- _Exercise requirements_:
Word for word, copy the listing below and leave out its images.

--- Data section ---

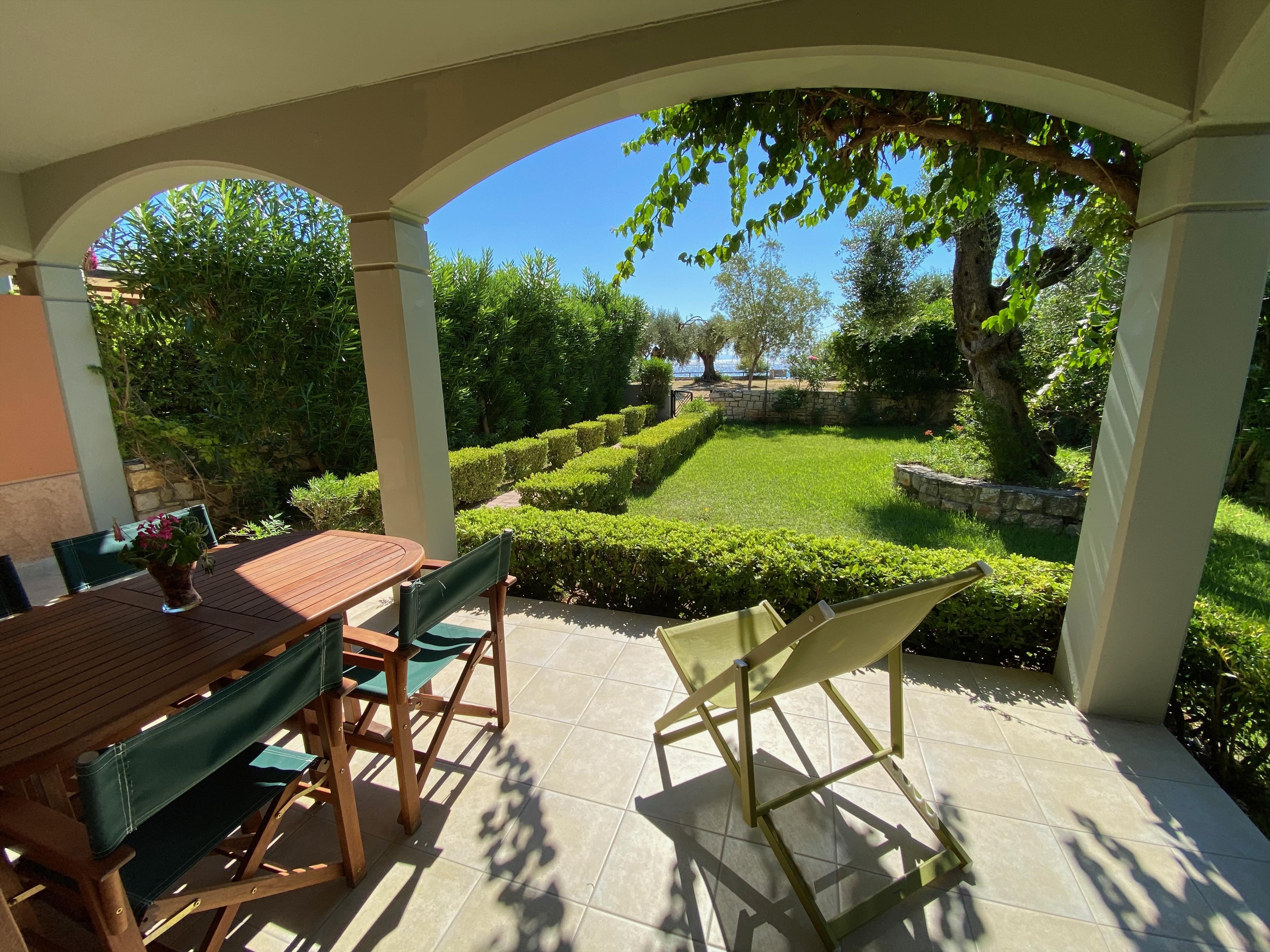 La Riviera Barbati Apartments 23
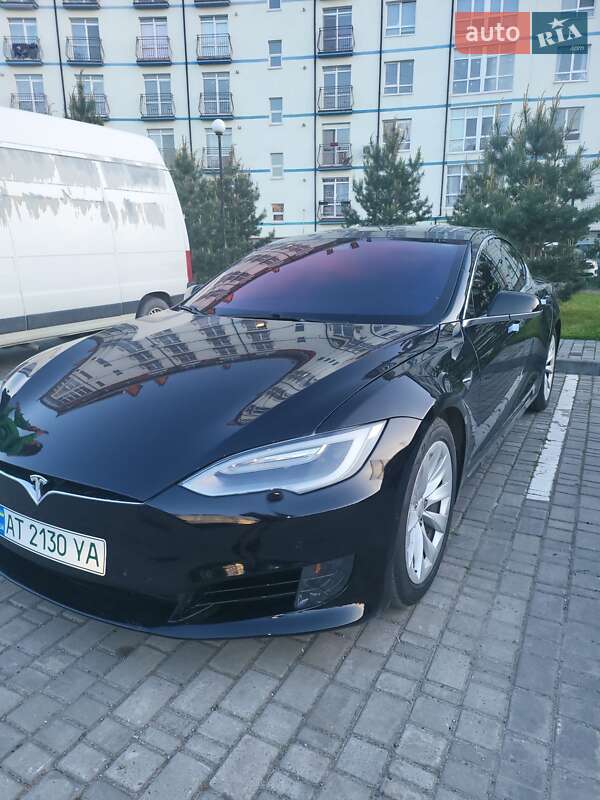 Ліфтбек Tesla Model S 2016 в Івано-Франківську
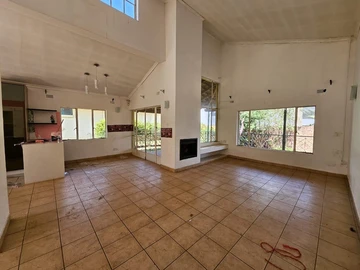 3 Bedroom Flat & Apartment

---

- _Expected answer_:
 La Riviera Barbati Apartments 23
 Ліфтбек Tesla Model S 2016 в Івано-Франківську
 3 Bedroom Flat & Apartment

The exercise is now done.